__SUPPLIED DATA__.
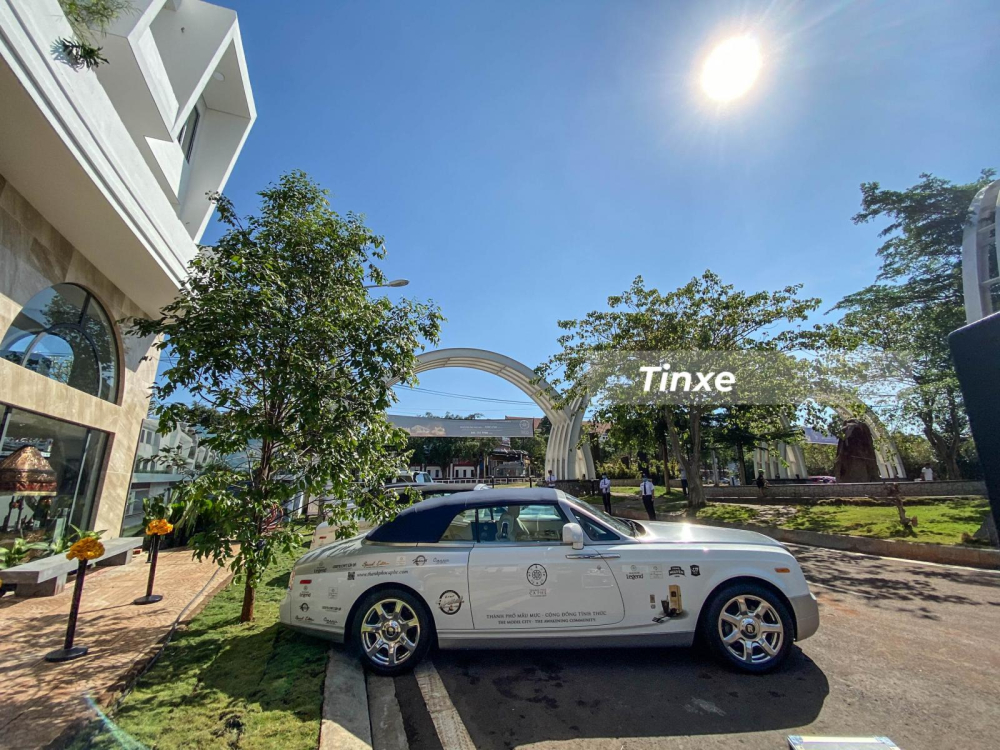 Chiếc Rolls-Royce Phantom Drophead Coupe này có mui màu xanh dương
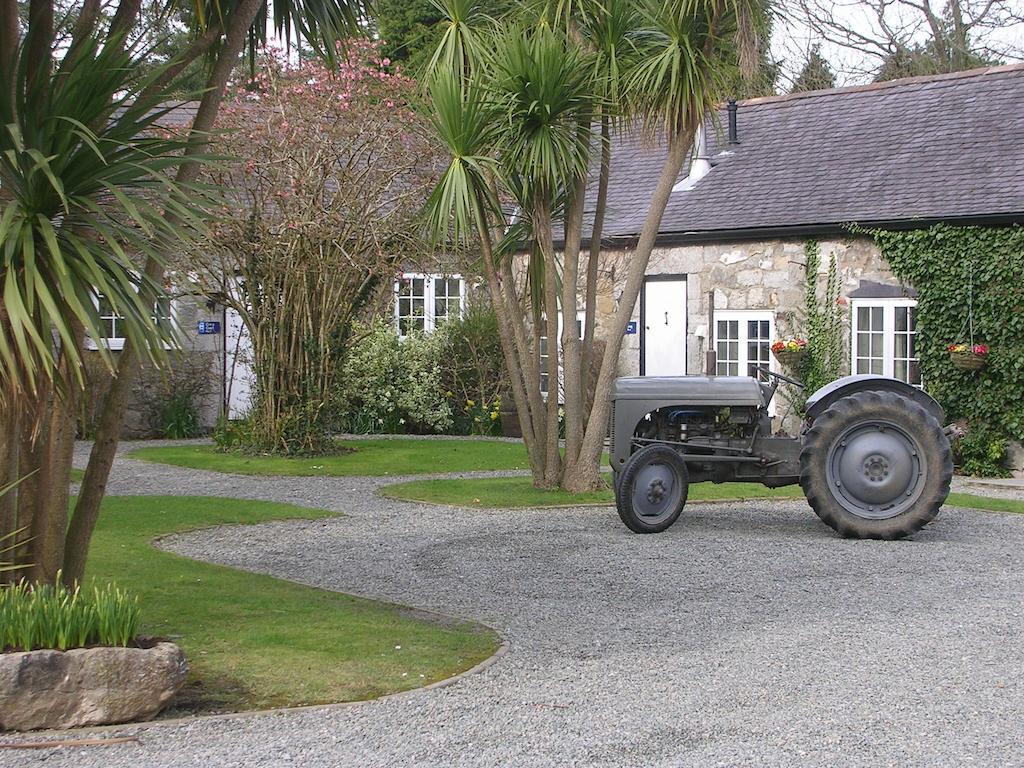 Tros Yr Afon Holiday Cottages And Manor House Beaumaris Exterior photo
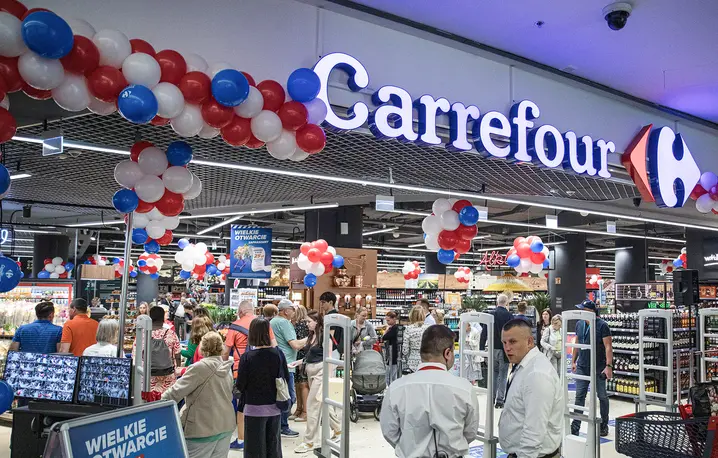Supermarket Carrefour. Warszawa, 31 maja 2023 r. // Fot. Dawid Żuchowicz / Agencja Wyborcza.pl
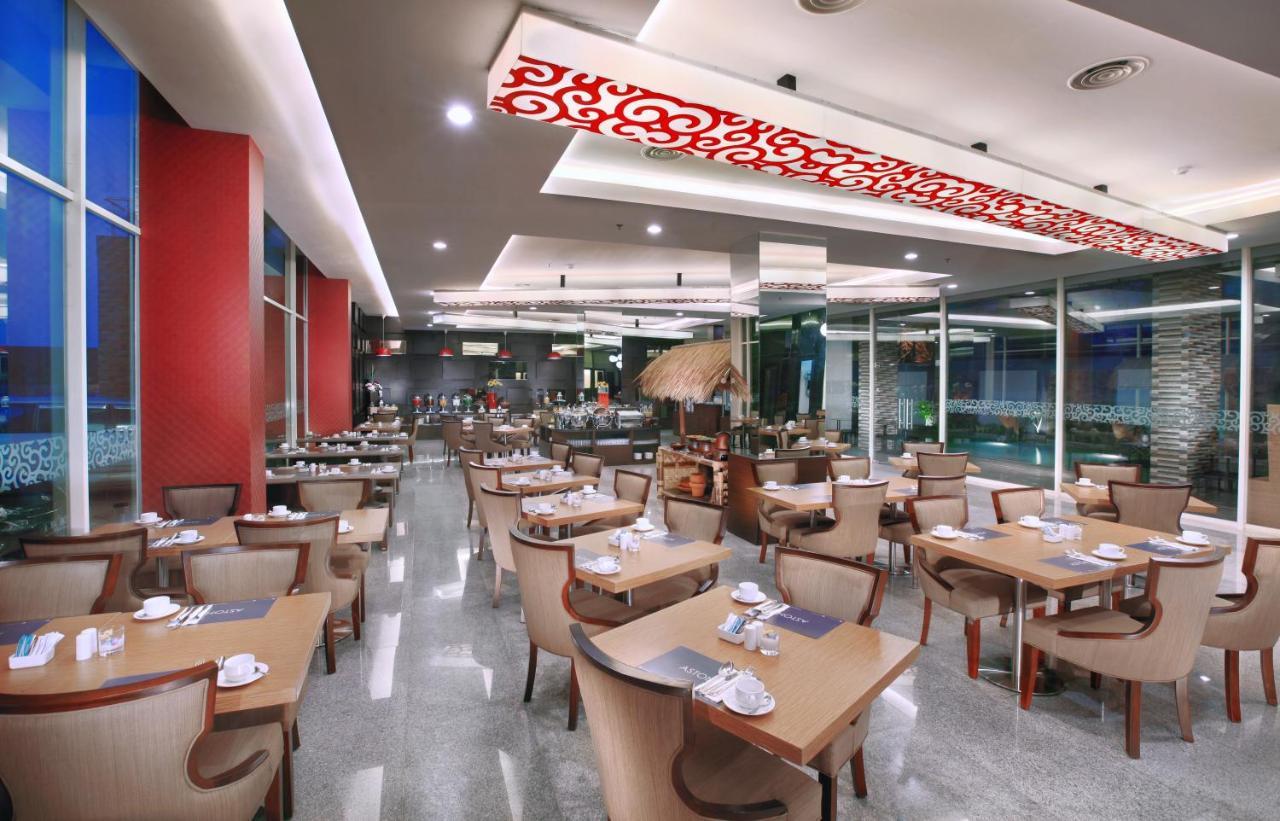 Aston Lampung City Hotel Bandar Lampung Zewnętrze zdjęcie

__PROBLEM STATEMENT__. A verbatim copy of the data, pictures removed, is the expected result.

__EXERCISE OUTPUT__.
 Chiếc Rolls-Royce Phantom Drophead Coupe này có mui màu xanh dương
 Tros Yr Afon Holiday Cottages And Manor House Beaumaris Exterior photo
Supermarket Carrefour. Warszawa, 31 maja 2023 r. // Fot. Dawid Żuchowicz / Agencja Wyborcza.pl
 Aston Lampung City Hotel Bandar Lampung Zewnętrze zdjęcie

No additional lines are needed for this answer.